Agosto, en esta parte del mundo en que vivimos, es oficialmente un buen mes. El mes bueno. Más personas de vacaciones, calor donde no suele, ilusiones de desconexión. Suena todo bien, pero hay también en agosto un regusto a domingo por la tarde.

A agosto le pasa, le pesa, lo que a la Navidad: la urgencia, la obligación de ser felices. Hay que verlo todo, estar con todo el mundo, comer como si fuera el último día -a veces esto se consigue literalmente y por eso mismo-.

El problema realmente no está en agosto en sí, ni en la Navidad en sí, ni en los domingos por la tarde como tales.
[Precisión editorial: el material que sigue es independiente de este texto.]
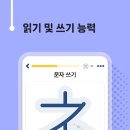 생활일본어회화 기초 이미지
El problema es su cruz: parece que hemos aceptado sin mucha resistencia vivir 11 meses con la lengua fuera para poder meterla en cerveza fría junto al Mediterráneo una semana, diez, quince días. Y que eso sea todo. Es más: que eso sea un privilegio.

Disfrutar en agosto, en Navidad y en tres cuartos del fin de semana me parece estupendo. Lo que veo triste es esa asunción colectiva de que todo el tiempo alrededor de esas ocasiones -que es mucho, que es nuestra única vida- sea concebido como un tiempo monótono, de sufrir, de aguantar.

¿Dónde está escrito que en febrero no podamos pasarlo bien? ¿Por qué razón lógica asumimos sentencias como «la cuesta de enero»? ¿Quién ha dicho que tengamos que consumirlo todo en diciembre y agosto? ¿Por qué nos dejamos arrastrar tanto por una corriente que, ya está bastante claro, no hace bien a nadie?

El relato tan extendido de la tarde de domingo «que deprime» (sic), y «la depresión posvacacional» (sic) no habla muy bien ni de la víspera y la mañana del domingo, ni de las vacaciones.

Si estamos tan abatidos cuando retomamos la cotidianeidad, es que a esa cotidianeidad hay que darle un meneo. Y también: que el peso de esos 11 meses, de esos 5 días, no nos deja disfrutar como quisiéramos de la excepción de agosto, de todo el sábado y la mitad del domingo.

La urgencia parece algo bastante antagónico a la felicidad. Por eso, quizás, no logramos ser súper felices esos quince días aparcados en una toalla de Alicante: a la felicidad no se le puede meter prisa, menos presión. No se le puede decir aquí, ahora, venga, ya.

Visto esto, parece mejor empeño el de acariciar nuestros lunes, ponerle gracia a los miércoles, darle algo de poesía a una mañana de principios de marzo. Suena más manejable repartir nuestros intentos de felicidad durante 365 días que tratar de conseguir algo tan caprichoso, tan inasible en quince jornadas consecutivas. Y que haga bueno.

Dice mi padre que hay que ir donde no va todo el mundo, y hacer lo que no hace todo el mundo, y no se refiere a lugares ni cosas, sino a una manera de vivir. Más propia, más libre, más a nuestra medida.

Entonces, si lees esto y quizás te estabas sintiendo culpable por estar un poco melancólico o un poco apático justo en agosto, justo en tus vacaciones, solo quiero decirte que tranquilo, que tranquila: el mundo no se acaba con la operación retorno. Tienes un montón de lunes y de viernes y de octubres y de abriles para hacerlos bonitos.